— Work required —
An unchanged copy of all the lines below is expected, and it should contain no pictures.

=== Section Start ===

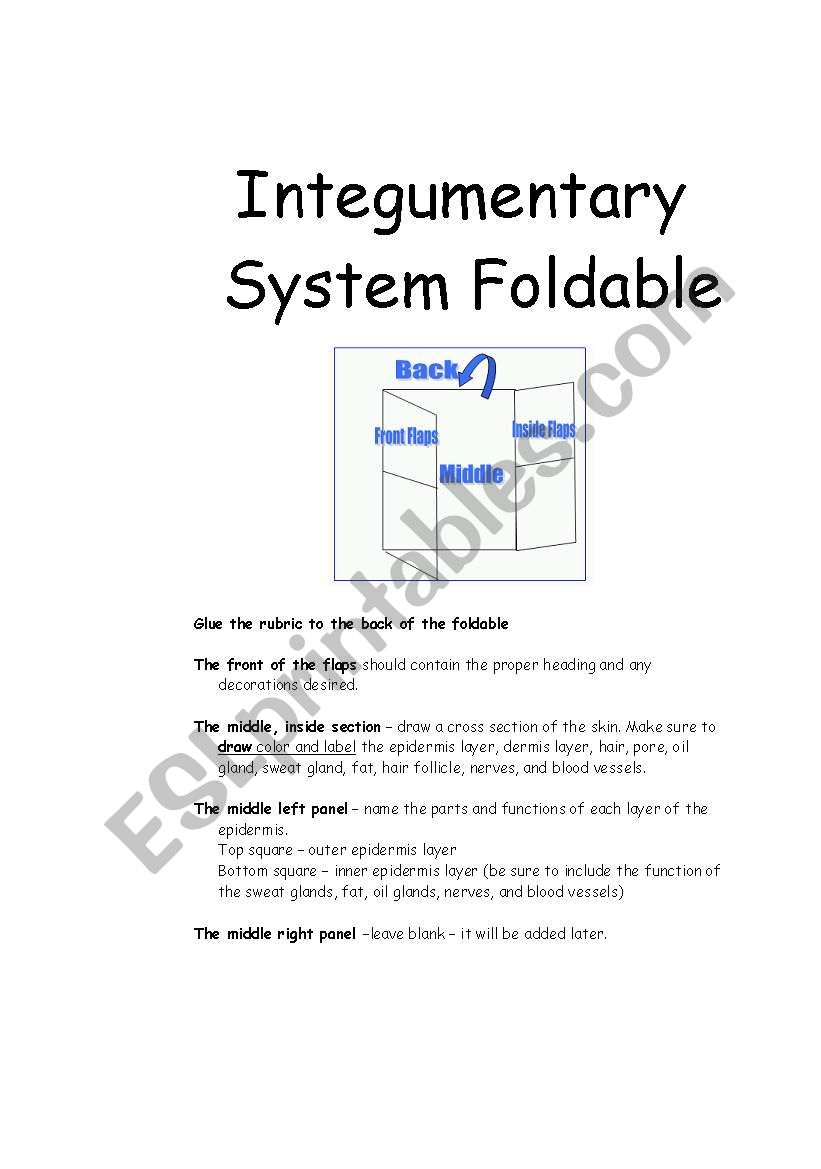 Integumentary System Foldable worksheet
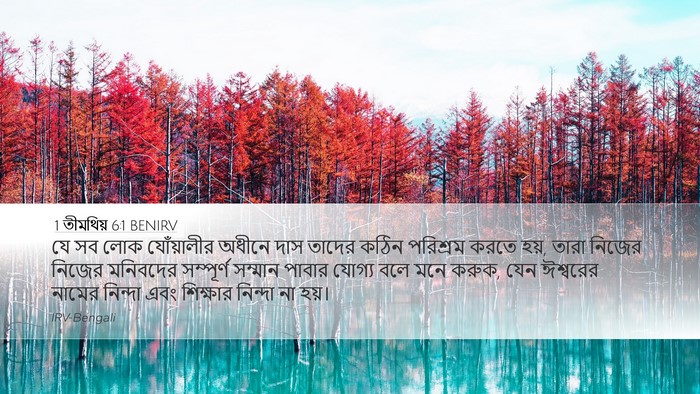 1 তীমথিয় 6:1 BENIRV Bible Verse Image
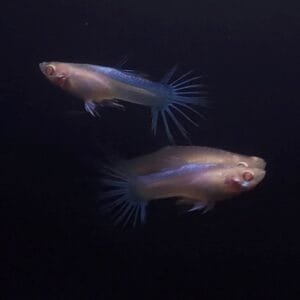 Albino Blue Sky Crowntail Guppy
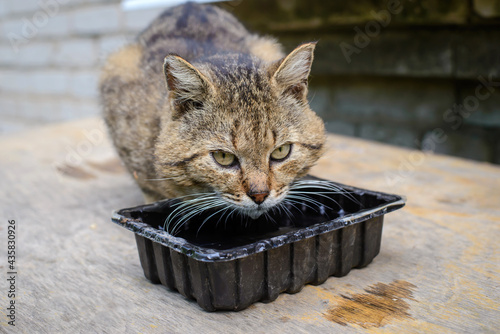 Fototapeta Naklejka Na Ścianę i Meble -  Cat drinks water on the street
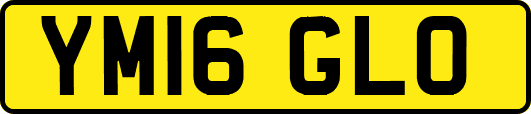 YM16GLO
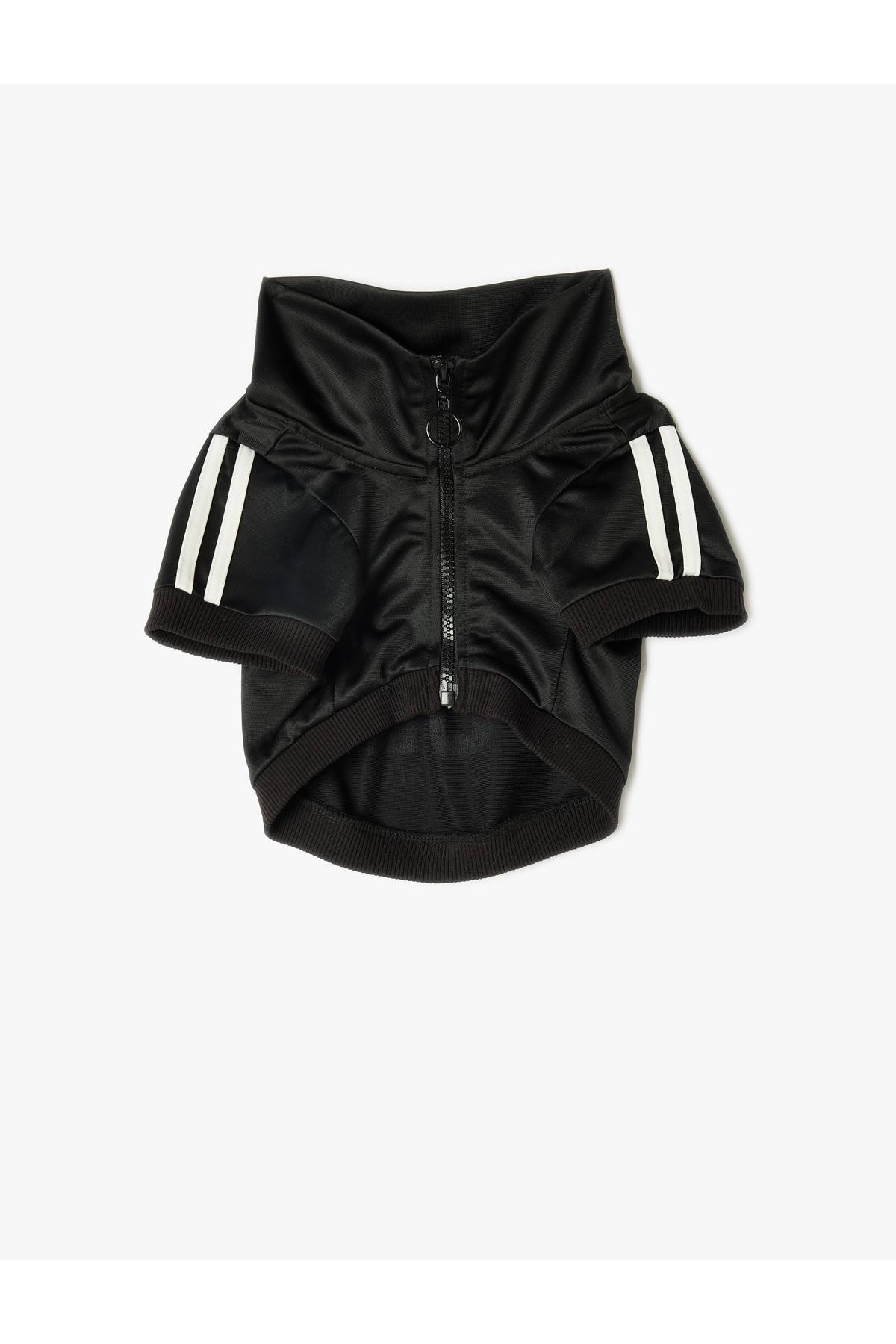 زیپ لوله یقه یقه ی سویشرت سگ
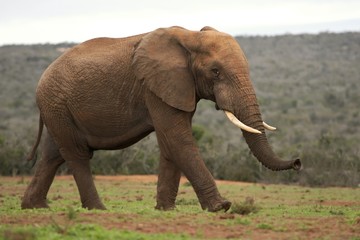 Obraz premium African Elephant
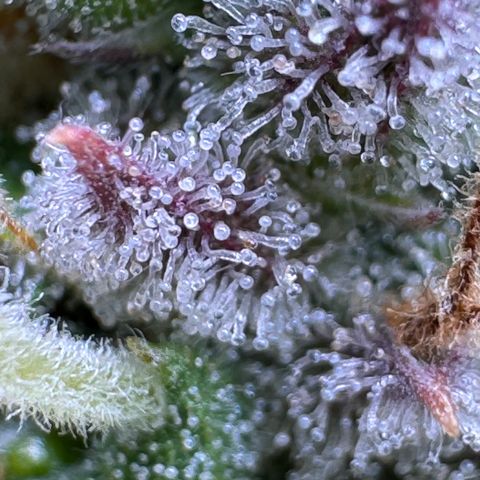 Fat Banana Auto #1 -89g growlog photo: 21:44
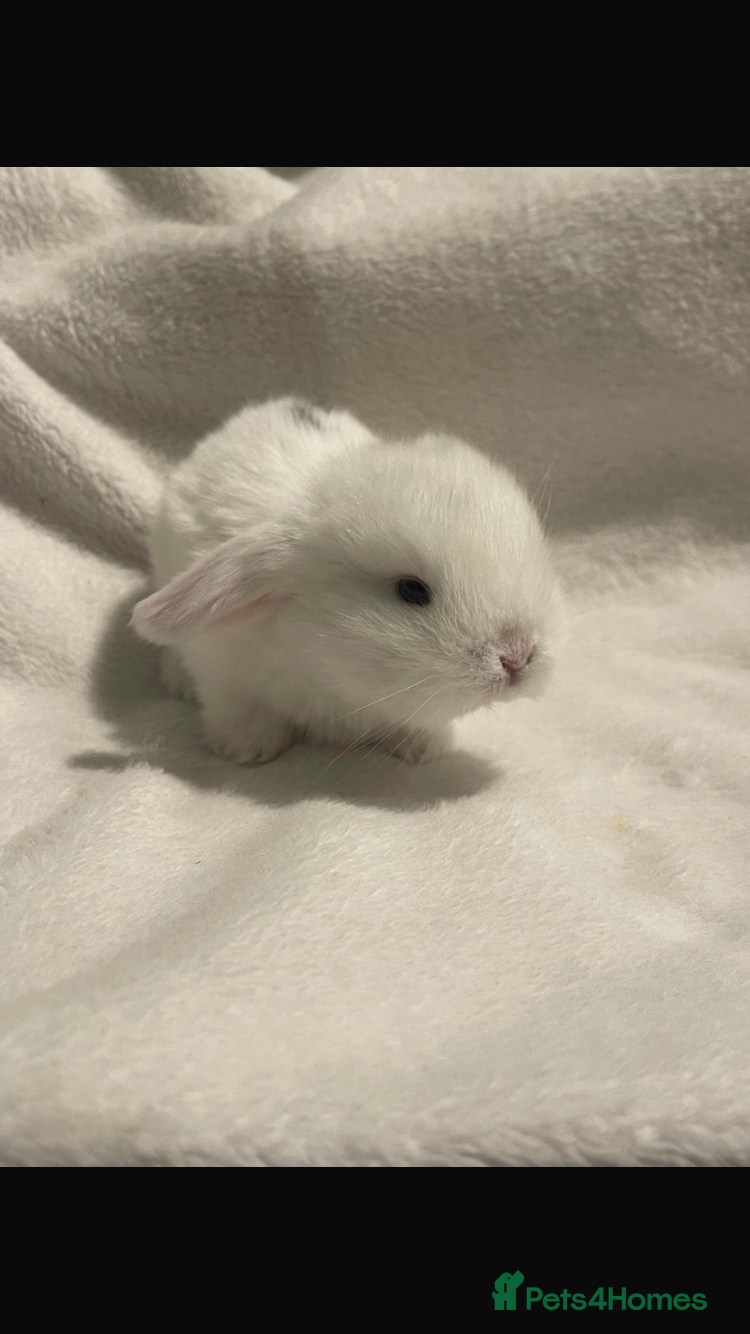Mini Lop rabbits Beautiful Mini Lop Rabbits. - Advert 2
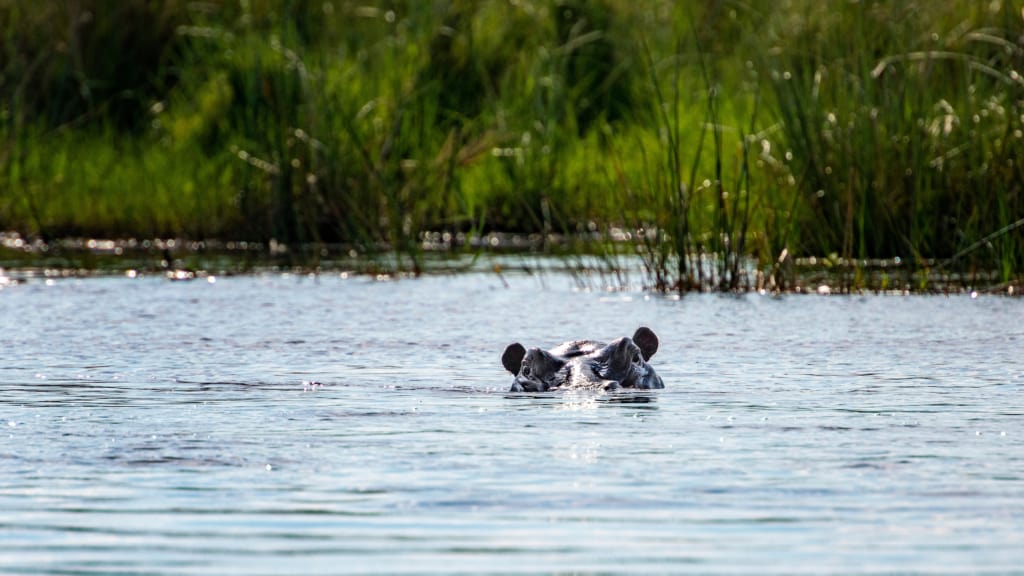 Caprivi Strip hippo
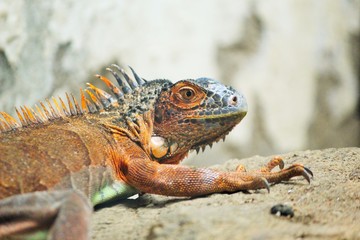 Lizard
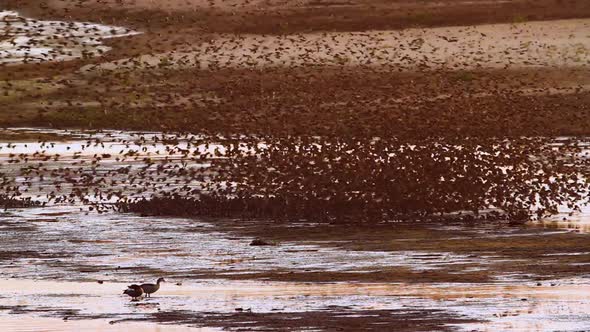 Red-billed Quelea  in Kruger National park, South Africa alt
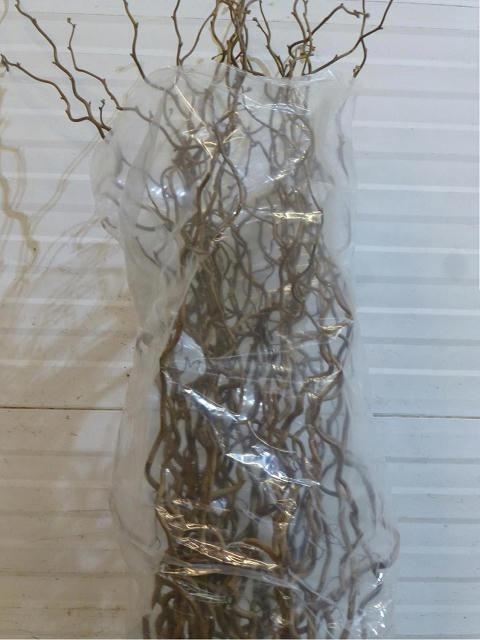 <h4>Corylus Av Contorta</h4>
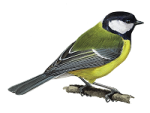 Большая синица - Parus major picture-1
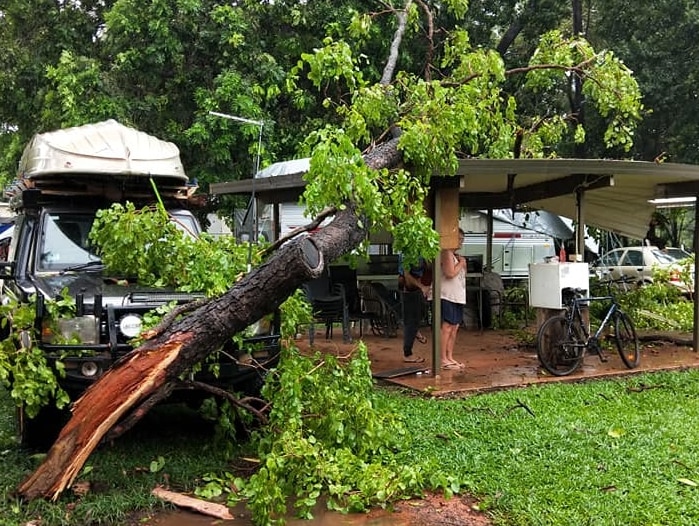 A tree ripped from the ground leans up against a four-wheel drive and a shelter. One of its branches has pierced the shelter.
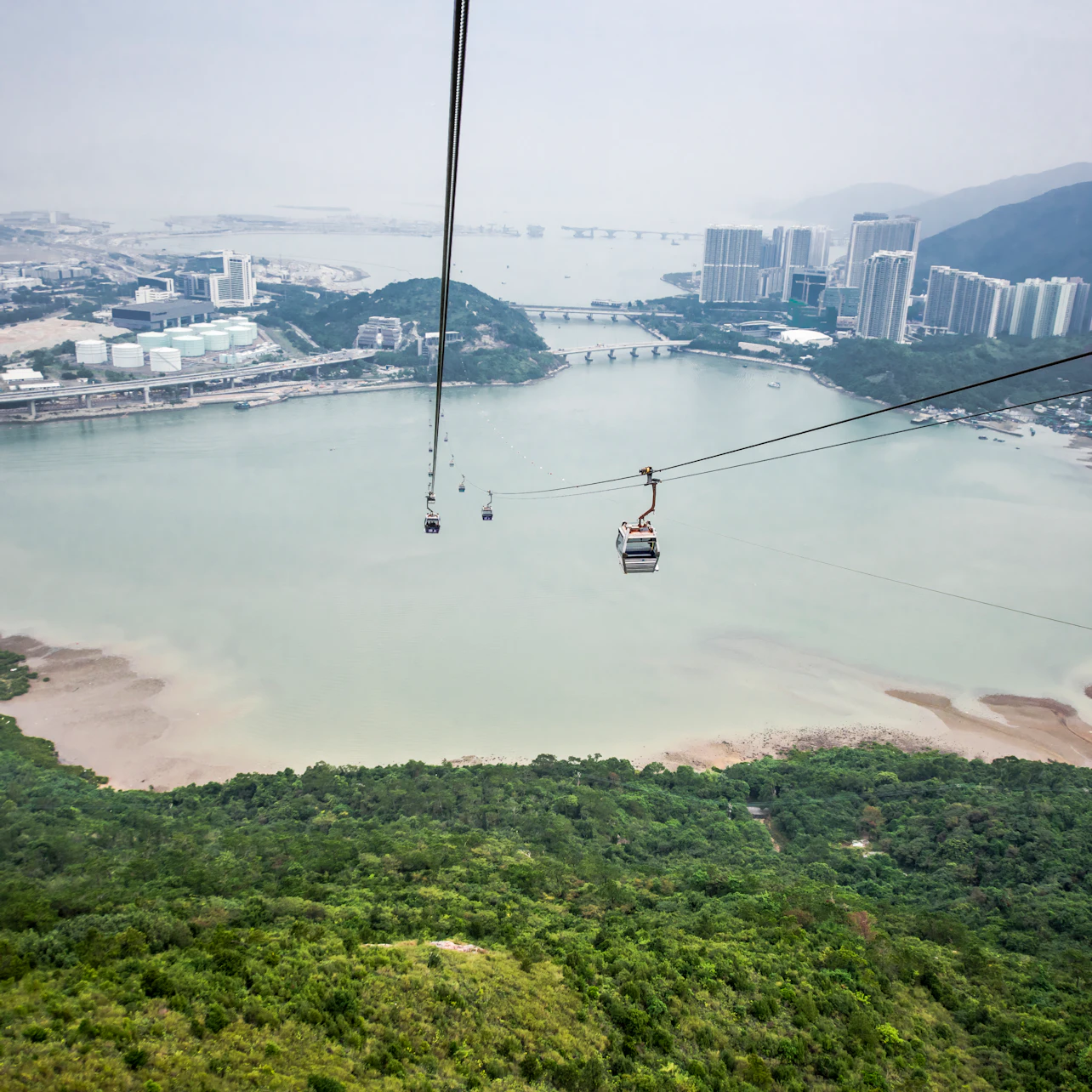 Ngong Ping Cable Car Roundtrip: One-way Standard + One-way Crystal Plus Cabin in Lantau Island β Tiqets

=== Section End ===

— Completed exercise —
 Integumentary System Foldable worksheet
 1 তীমথিয় 6:1 BENIRV Bible Verse Image
 Albino Blue Sky Crowntail Guppy
 Fototapeta Naklejka Na Ścianę i Meble -  Cat drinks water on the street
 YM16GLO
 زیپ لوله یقه یقه ی سویشرت سگ
 Obraz premium African Elephant
 Fat Banana Auto #1 -89g growlog photo: 21:44
Mini Lop rabbits Beautiful Mini Lop Rabbits. - Advert 2
 Caprivi Strip hippo
 Lizard
 Red-billed Quelea  in Kruger National park, South Africa alt
 <h4>Corylus Av Contorta</h4>
 Большая синица - Parus major picture-1
 A tree ripped from the ground leans up against a four-wheel drive and a shelter. One of its branches has pierced the shelter.
 Ngong Ping Cable Car Roundtrip: One-way Standard + One-way Crystal Plus Cabin in Lantau Island β Tiqets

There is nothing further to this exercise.